By Candice Santaferraro

Flour and water, fermented, shaped and baked by fire.

Historically and intrinsically, bread in it’s truest form is tied to relationship and community. In fact the word ‘companion’ comes from the word companis (com = with, panis = bread) means “with whom we break bread”. This simple etymology is at the core of what Rob and Monica Segovia-Welsh have built at Chicken Bridge Bakery.

It all started with a trip to Central America, a baby, a couple of Mexican bakers, and some fire bricks. Well sort of…

The bakery came to life in the winter of 2007 when Rob and his wife Monica built their first oven. Baking was not foreign to them; they met years before at a bakery in Wisconsin where Monica had started a pastry program and Rob was shaping loaves. Like a couple of rebels, at the time when most of their friends started settling down and having kids, they decided to go on an adventure. They followed their fancy to Central America only to find out that Monica was pregnant.

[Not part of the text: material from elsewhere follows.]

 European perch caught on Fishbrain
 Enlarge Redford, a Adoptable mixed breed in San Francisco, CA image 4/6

The news led them to settle in North Carolina, with little idea of what they would do. It was only a matter of time until Rob started working at a local bakery where he was surprised to find his fresh travels through Nicaragua and Guatemala serving him well. “Almost all the bakers I worked with only spoke Spanish. They were actually the one’s that got me into wood fired baking,” he told me.

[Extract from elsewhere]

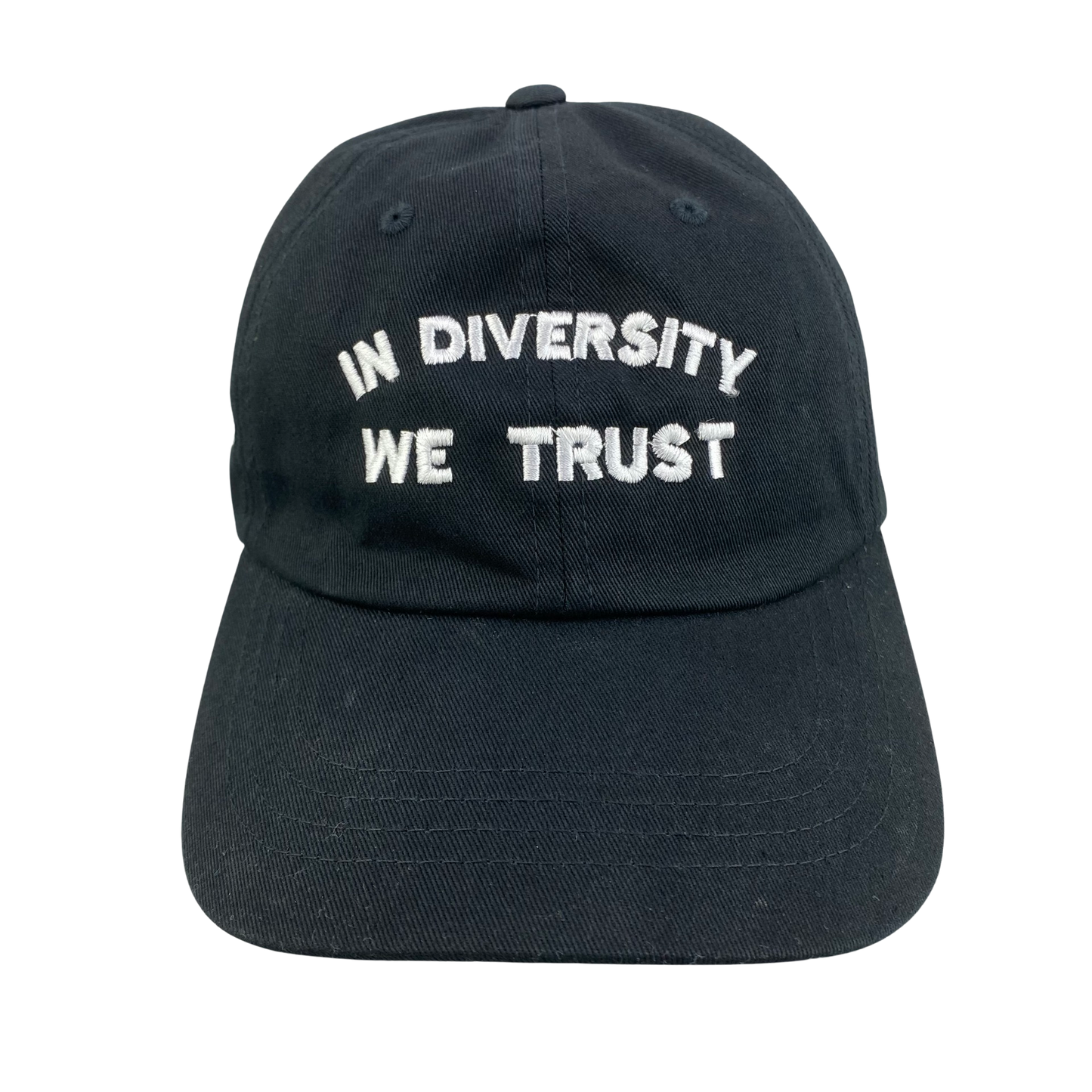 TNT TBS - In Diversity We Trust Dad Hat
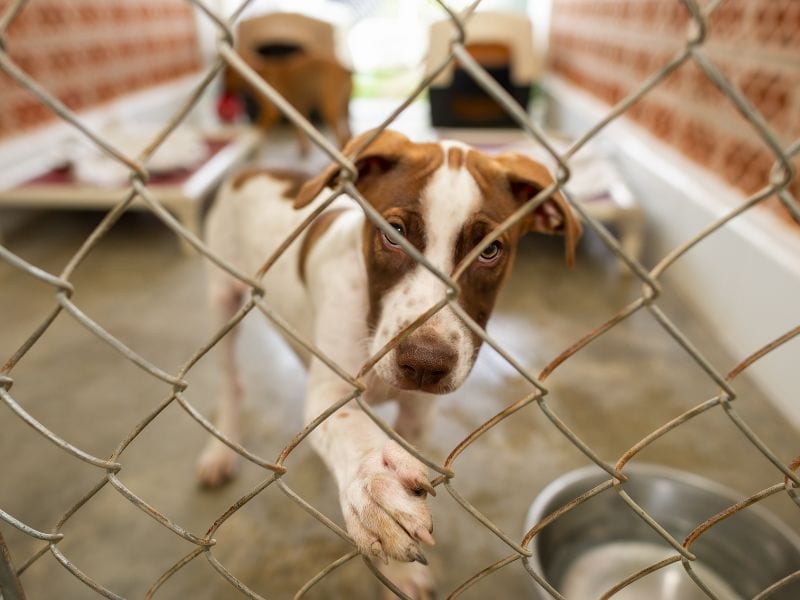 rescue dog paws at the fence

There was a young man named Joaquin who came from a family of bakers — his father was a baker, his father’s father was a baker, and so on. Then there were four brothers from Oaxaca who also came from a baking dynasty. Hailing from different parts of Mexico, they all shared one thing in common; they all baked in wood-fired ovens. “I got to talk to them a lot about the craft and culture of baking, and about how they built their ovens,” he said. “At the time, I had no idea how formative these conversations would be.”

If you know anything about building hearths, you probably know who Alan Scott is. The author of The Bread Builders: Hearth Loaves and Masonry Ovens, he’s considered the expert on masonry ovens to best retain heat. More than a how-to manual, the book is also a manifesto on the history of bread making and the science of baking. He used modern materials like high-grade bricks, high-temperature cements and insulation, ranging from Vermiculite to ceramic blankets. All of these materials make these ovens capable of retaining temperatures from 500 to 800 degrees Farenheit for hours on end, to bake loaf after loaf of bread. However, they are also very expensive.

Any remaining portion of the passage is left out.